Дальше последовало исключение из Союза кинематографистов, совсем смешное и нелепое: Галичу звонили: «Саша, приди, пожалуйста, мы должны тебя исключить». «Да как-то не хочется, — отвечал Галич, — я нездоров». «Саша, нельзя же такое мероприятие проводить без тебя!..» В итоге на очередном заседании следующим пунктом после назначения нового повара в ресторан Союза обсуждали исключение так и не явившегося А.А. Галича. Решение было принято единогласно.
Выгнанный отовсюду Галич потихоньку распродавал огромную свою библиотеку. Свести концы с концами помогали знаменитые друзья: Ландау, Капица, Са-харов — сам полуопальный. Однажды он приехал к Галичу на гэбэшной черной «Волге», переполошив друга: тот, увидев машину из окна, решил — все… «Да меня просто подвезли, — оправдывался Сахаров, — выхожу из дому, смотрю — стоят. Ребята, — говорю, — вы же все равно за мной к Галичу поедете, так подбросьте уж!»
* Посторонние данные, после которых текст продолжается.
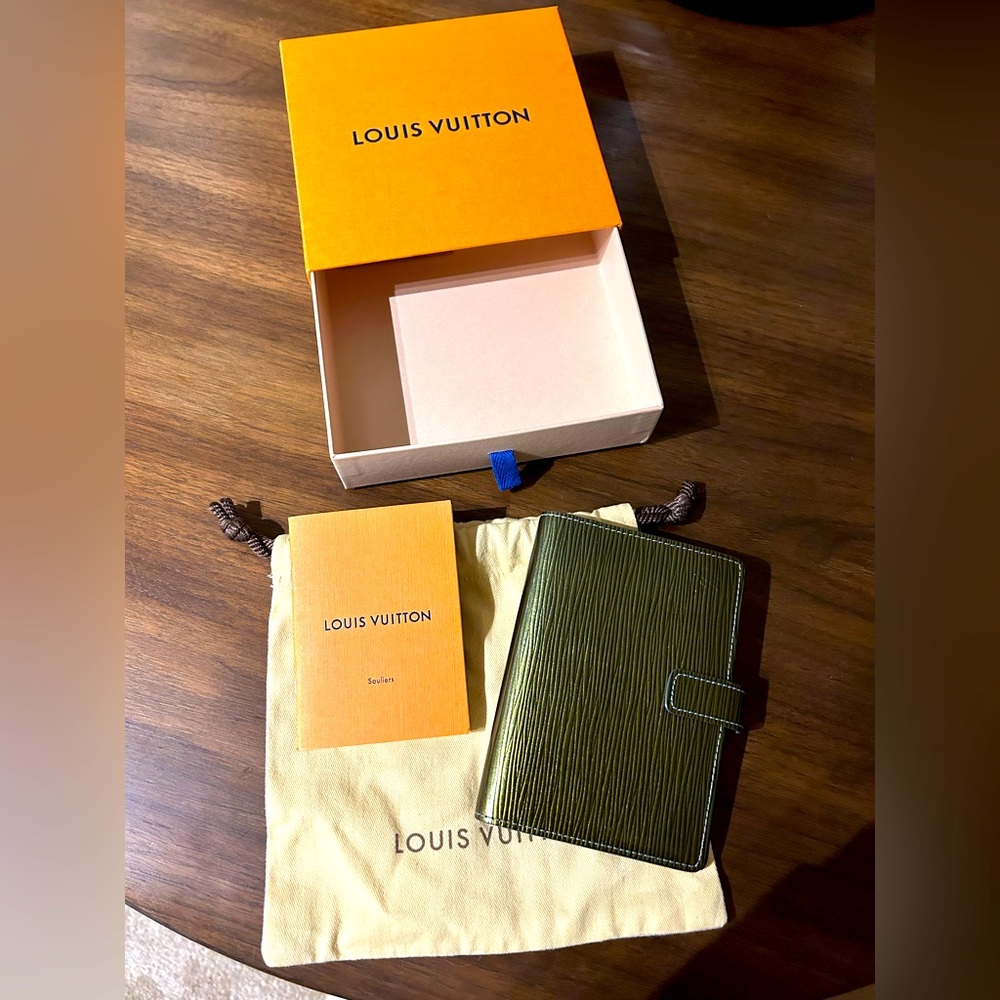 Gold-Green Louis Vuitton Epi Agenda with Pen, dust bag, and box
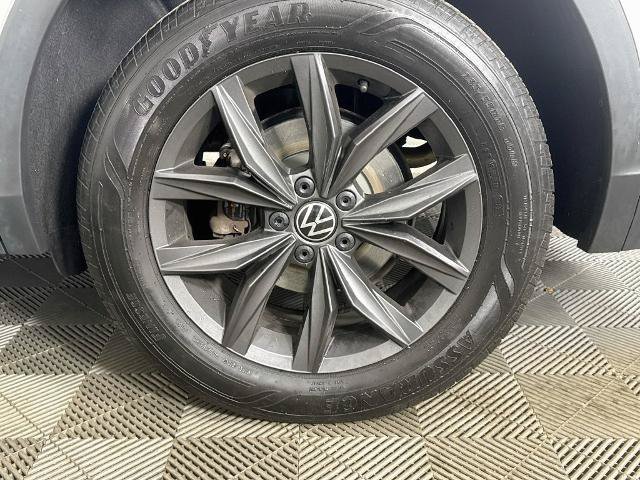 Used 2023 Volkswagen Tiguan SE AWD/4WD image 30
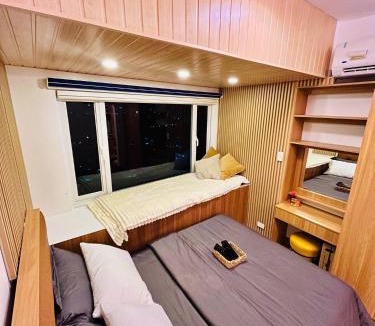 Las Pinas Apartment | SolAzur Staycation SMDC South Residences Las Piñas with 100MBPS Wifi &NETFLIX &BAR STATION &CITY LIGHTS VIEW
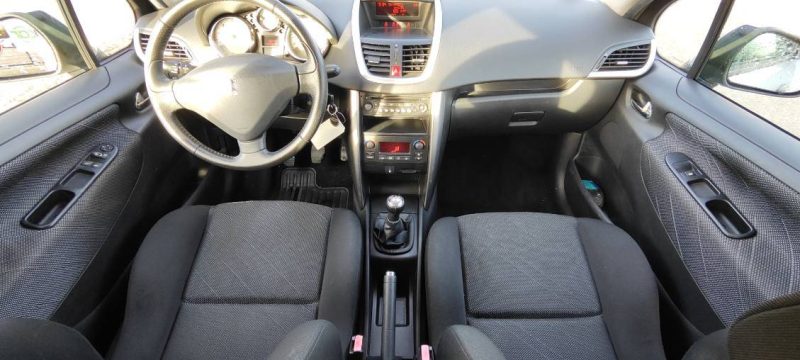 Peugeot 207 1.4 HDI 70 Style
Выручала подработка литературным «негром» — Галич брался переделывать чужие сценарии. Как-то Алена, дочь поэта, застала отца за изготовлением очередного «шедевра» для Узбекфильма. Галич сначала хмурился, потом стал тихо посмеиваться: «Представляешь, я замостырил им Шекспира, «Ромео и Джульетту», как есть — только на тракторах! Интересно, пропустят или нет?». На ближайшем фестивале фильм получил первую премию.
Три года сумбурной, унизительной жизни… Обладая паспортом беженца — подарком норвежских друзей — он мог уехать в любой момент, но не спешил. Тогда его поторопили: вызвали «куда следует». «Значит, так. Или вы уезжаете из страны по израильской визе, или отправляетесь в другую сторону — на Север. В вашем распоряжении десять дней».
Оставшись без России, он получил то, о чем тысячи его бывших соотечественников и не мечтали: свободу, жизнь, полную радостей, недоступных простому смертному «совку», Париж, в конце концов! Чего еще? У Галича был огромный мир, совершенно ему ненужный.
Он рвался назад — отказали.
В сущности, Галич, чьи песни расшатали-таки стропила системы, не был диссидентом, «политическим». Россия для Галича была не государством, а образом, чувством, растворенным в людях, в книгах и языке, в запахах, красках, звуках. Невыразимая, неделимая — одна. Он не кидал камни в «империю зла». Даже работая на «Радио Свобода», не сводил счеты с властью, не проклинал, не обличал, хотя на этом можно было подзаработать, и никто бы не упрекнул — так делали многие. Не стал главным советским бардом — не беда, будешь главным антисоветским!
А он вместо этого взял да умер.
Де юре — от удара током. В самом деле, разве ностальгия бывает смертельной?
…Вот и все. После вечера памяти зрители долго осаждают Алену, берут автограф. Зал пустеет. Нет больше никакой Страны Советов, нет ГУЛАГа, нет ЦК КПСС. Нет прежних коммуналок, нет катков, где играет музыка. Остается совсем немного: февральская свечка, сычи на подушках… Страна детства, которую мы любили. Может быть, она не исчезнет, пока звучат его песни.